The market value of one share of FAC Common Stock at the Effective Time shall
be the closing price of such common stock as reported on the Nasdaq Stock
Market on the last trading day preceding the Effective Time.  No such holder
will be entitled to dividends, voting rights, or any other rights as a
stockholder in respect of any fractional shares.

      3.5      NO DISSENTERS' RIGHTS.  The holders of Charter Common Stock will
not have dissenters' rights of appraisal as a result of the Merger or any other
event or transaction contemplated by this Agreement.
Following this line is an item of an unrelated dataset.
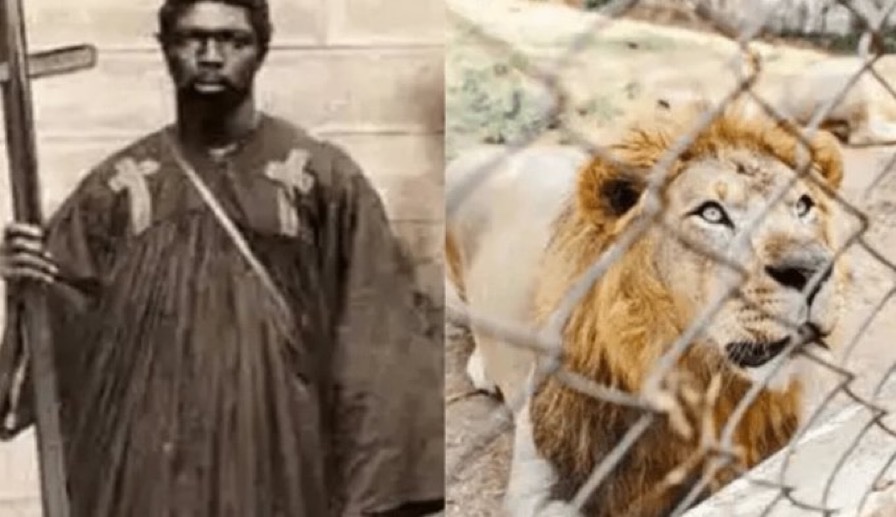 The Tale of the Nigerian Prophet Daniel Aboderin Who Was Ripped Apart by Lions at the University of Ibadan Zoo in 1991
      3.6      MARKET VALUE OF FAC COMMON STOCK.  The market value of one share
of FAC Common Stock on the Effective Time (the "FAC Market Value") shall be the
average per share closing price of FAC Common Stock on the Nasdaq Stock Market
(as reported by The Wall Street Journal or other authoritative source) for the
twenty consecutive trading days ending on and including the third day
immediately preceding but not including the day of the Effective Time.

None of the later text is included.